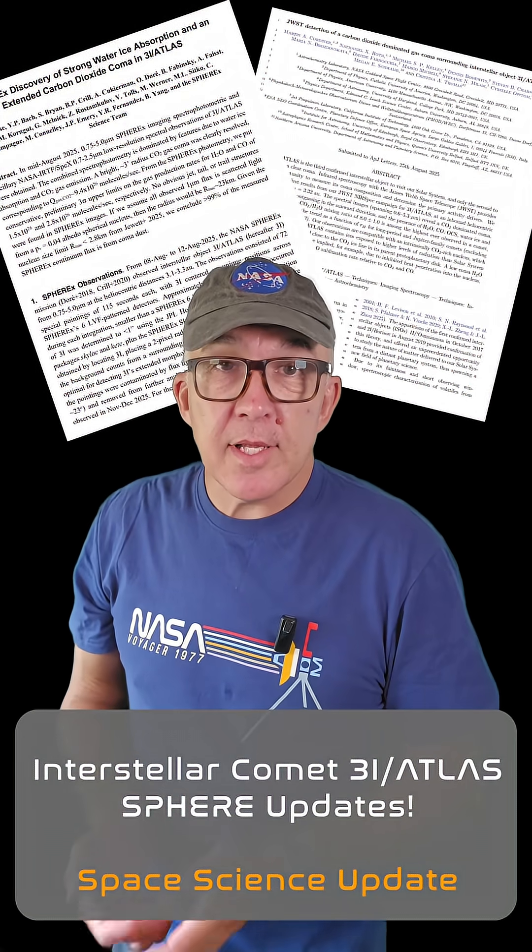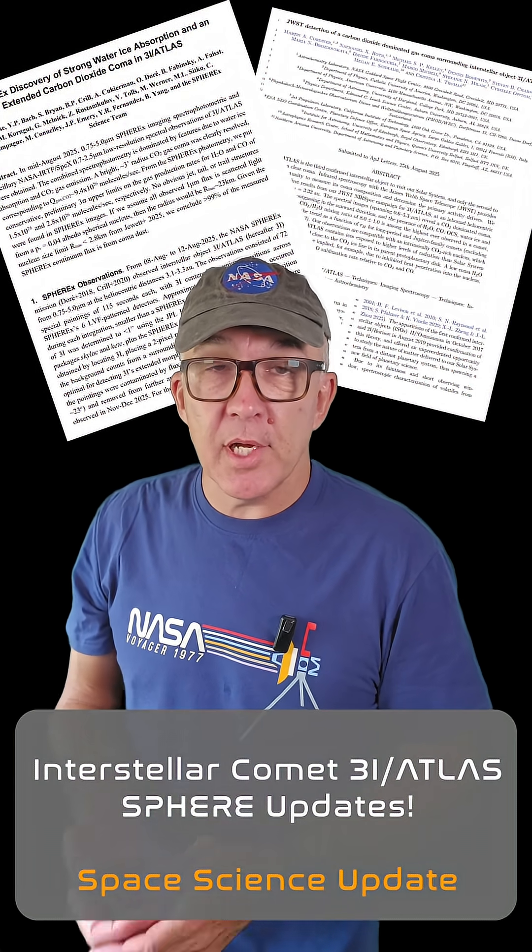There are exciting new observations of interstellar comet 3I Atlas from both JWST and NASA's SPHER-X mission. In this video I'm focusing on data from SPHER-X, and in the next one I'll talk about the JWST result. Both results are super interesting, so it's worth diving into the details, even if that does lead to a little bit of repetition.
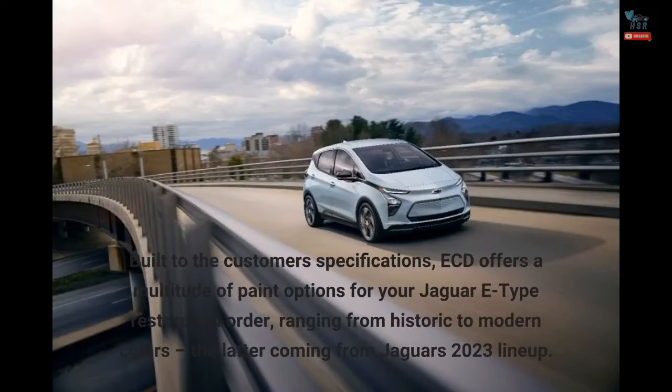Built to the customer's specifications, ECD offers a multitude of paint options for your Jaguar E-Type restoration order, ranging from historic to modern colors, the latter coming from Jaguar's 2023 lineup.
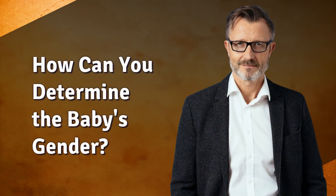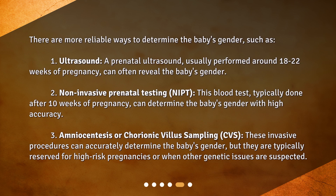How can you determine the baby's gender? There are more reliable ways to determine the baby's gender. First, ultrasound: a prenatal ultrasound, usually performed around 18 to 22 weeks of pregnancy, can often reveal the baby's gender.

____________________

▸ **Work required**
Once the pictures are removed, print all the remaining data exactly as it stands.

▸ **Written solution**
There are exciting new observations of interstellar comet 3I Atlas from both JWST and NASA's SPHER-X mission. In this video I'm focusing on data from SPHER-X, and in the next one I'll talk about the JWST result. Both results are super interesting, so it's worth diving into the details, even if that does lead to a little bit of repetition.
Built to the customer's specifications, ECD offers a multitude of paint options for your Jaguar E-Type restoration order, ranging from historic to modern colors, the latter coming from Jaguar's 2023 lineup.
How can you determine the baby's gender? There are more reliable ways to determine the baby's gender. First, ultrasound: a prenatal ultrasound, usually performed around 18 to 22 weeks of pregnancy, can often reveal the baby's gender.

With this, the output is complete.